Records for the exercise:

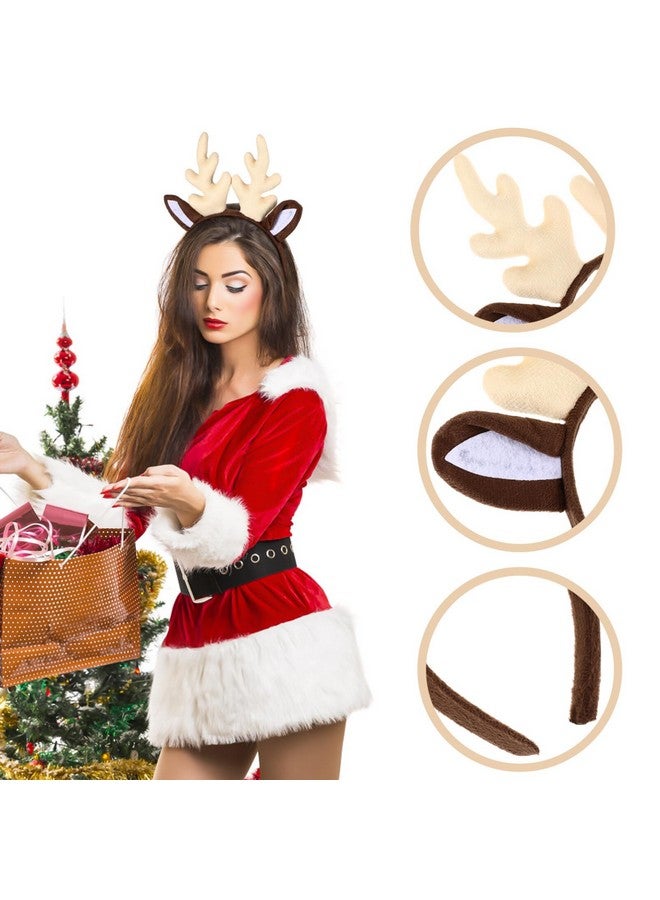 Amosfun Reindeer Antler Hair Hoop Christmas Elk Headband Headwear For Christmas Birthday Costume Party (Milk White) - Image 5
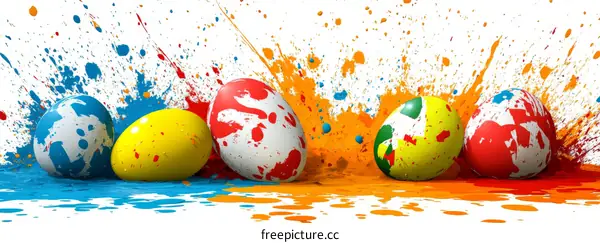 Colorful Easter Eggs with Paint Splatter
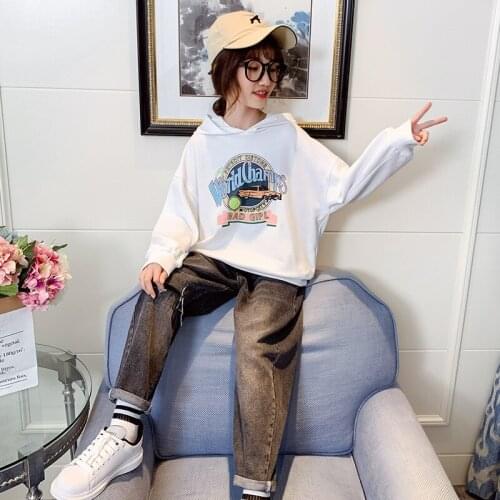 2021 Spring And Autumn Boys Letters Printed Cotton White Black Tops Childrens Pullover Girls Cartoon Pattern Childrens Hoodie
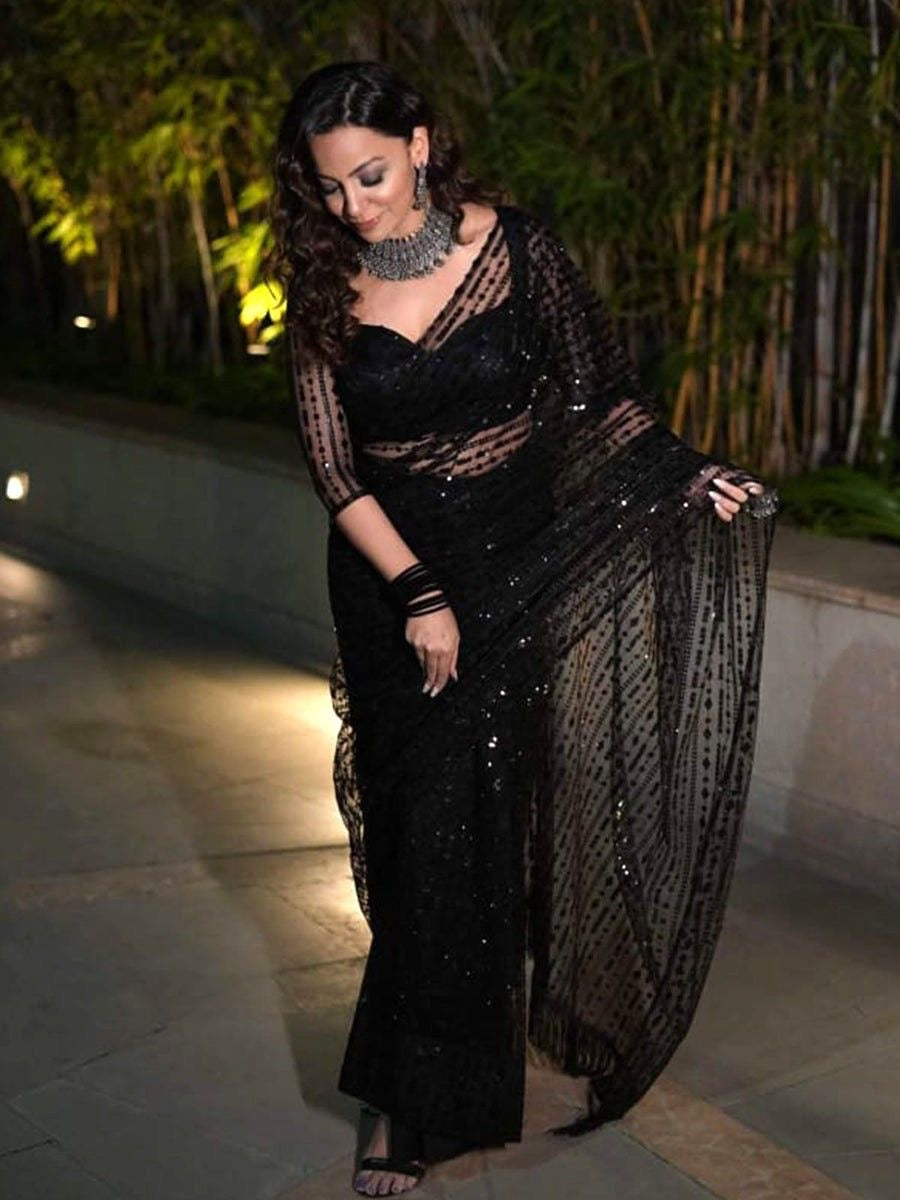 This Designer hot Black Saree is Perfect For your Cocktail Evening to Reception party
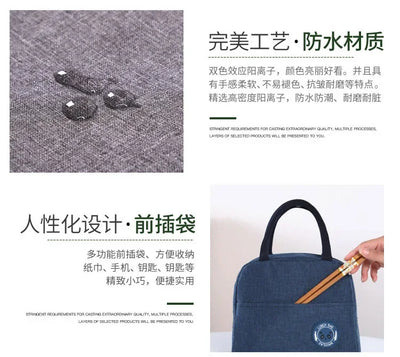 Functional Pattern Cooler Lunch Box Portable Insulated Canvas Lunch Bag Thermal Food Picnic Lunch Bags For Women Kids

What to produce: Each record above must be retyped exactly as given, with the images excluded.

Task solution:
 Amosfun Reindeer Antler Hair Hoop Christmas Elk Headband Headwear For Christmas Birthday Costume Party (Milk White) - Image 5
 Colorful Easter Eggs with Paint Splatter
 2021 Spring And Autumn Boys Letters Printed Cotton White Black Tops Childrens Pullover Girls Cartoon Pattern Childrens Hoodie
 This Designer hot Black Saree is Perfect For your Cocktail Evening to Reception party
 Functional Pattern Cooler Lunch Box Portable Insulated Canvas Lunch Bag Thermal Food Picnic Lunch Bags For Women Kids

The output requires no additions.